Board members and DWS officials will meet March 27 at the Department of Water Supply on Leilani Street in Hilo. Though the official meeting isn’t scheduled to begin until 10 a.m., the board will open the floor at 9:45 a.m. for public comment on the price hike.
“If the public wants to raise any concerns, they have the opportunity,” said Warren Ching, DWS energy management analyst.
The increase would drive the current power charge cost up 26 cents from $1.62 per 1,000 gallons of water to $1.88 per 1,000 gallons. If approved, the change will take effect on April 1.
Based on West Hawaii Today research, the average family in Hawaii using a 5/8-inch meter consumed around 9,500 gallons monthly in 2015.
That figure is in line with numbers from the United States Geological Survey, which estimates the average person uses 80-100 gallons of water daily. A family of four, then, would use between 9,600-12,000 gallons monthly based on USGS research.
According to those numbers, if the increase is approved the standard price bump for water usage in the average home in Hawaii would likely fall somewhere between $2.50-$3 monthly, equating to between $30-$36 annually.

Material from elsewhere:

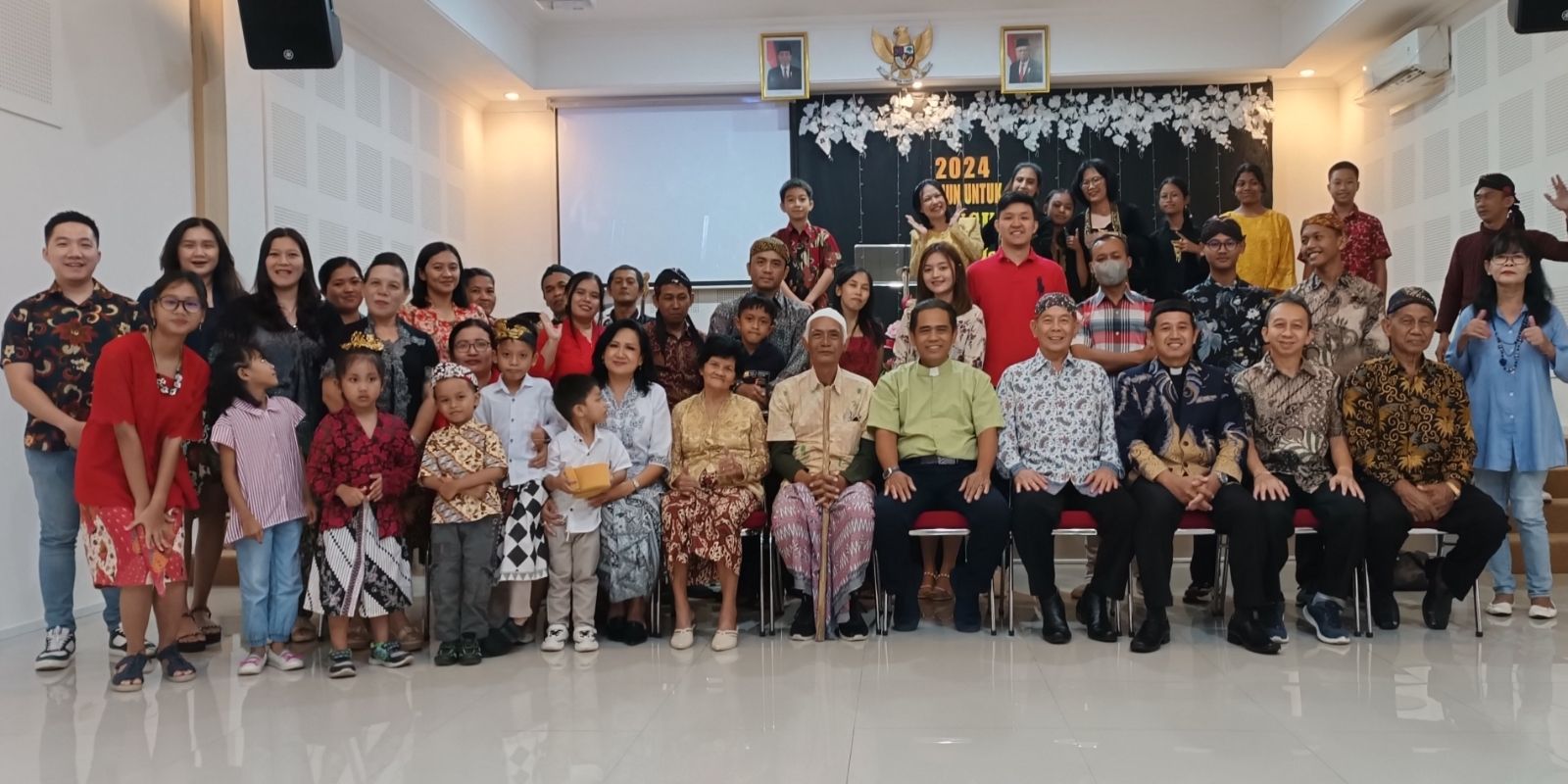 Jemaat GBI Haleluya Banjarnegara yang hadir pada ibadah edisi Hari Kartini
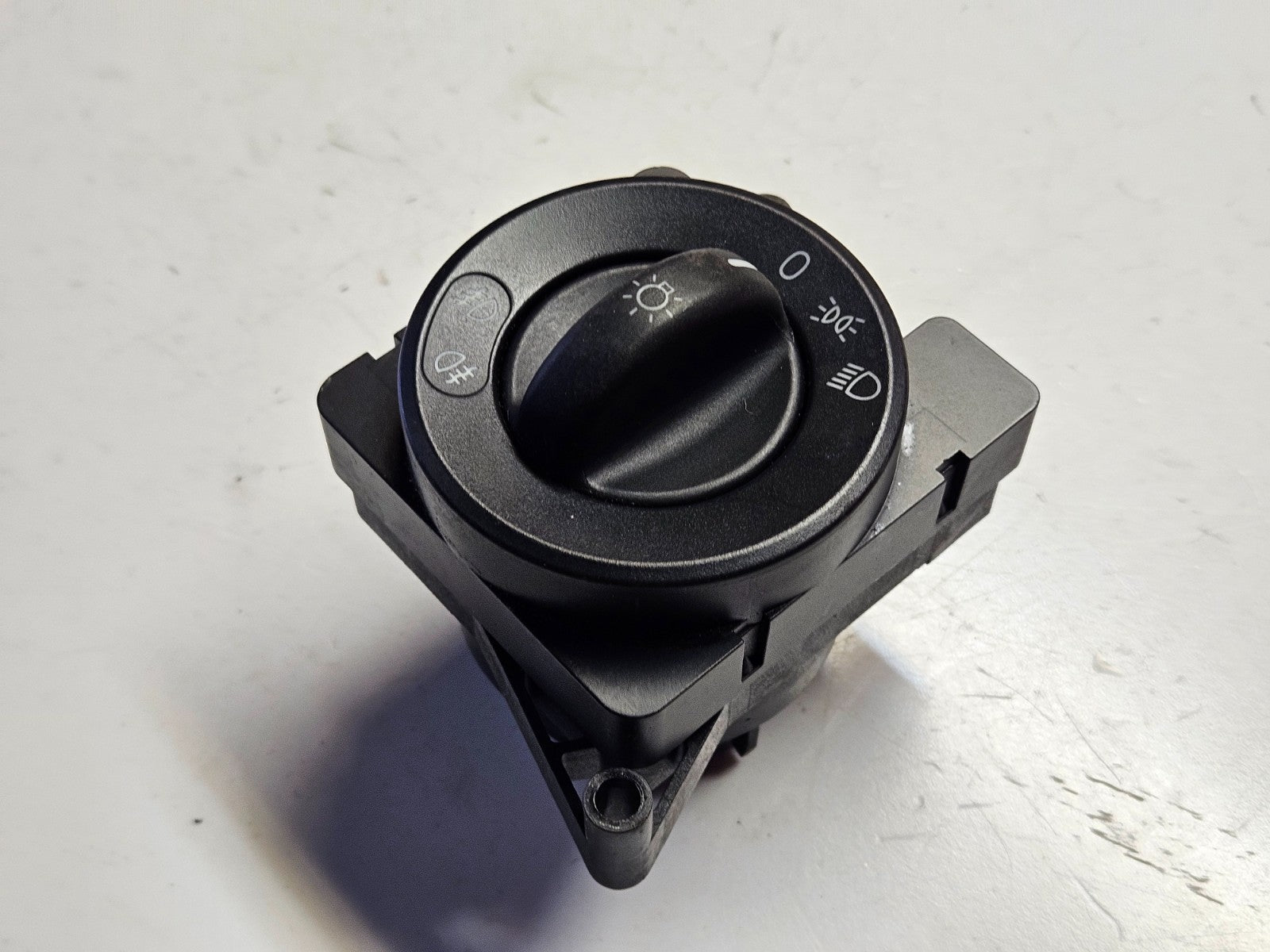 Mercedes Sprinter W906 Lichtschalter A 9069052601 ♻️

The catalyst for the change, Ching said, is higher billings to DWS from Hawaii Electric Light Co. When HELCO’s fuel costs increase, he said, that cost gets passed on to the water department.
Power cost charges fluctuate in both directions. Keith Okamoto, DWS manager-chief engineer, told board members Tuesday the last change to power costs was actually a decrease of 11 cents per 1,000 gallons.
The highest the uniform power charge cost has ever been is $2.38 per 1,000 gallons, according to numbers provided by Kawika Uyehara, DWS deputy. That rate persisted for six months, January-June 2009.
The public is also invited to provide input on the departmental operating budget for fiscal year 2019 and the five-year CIP budget for fiscal years 2019-23. Those budgets are $53,864,000 and $96,200,000, respectively.
Public opportunity to offer testimony on budgetary issues will begin at 9:30 a.m. at the same meeting in Hilo on March 27.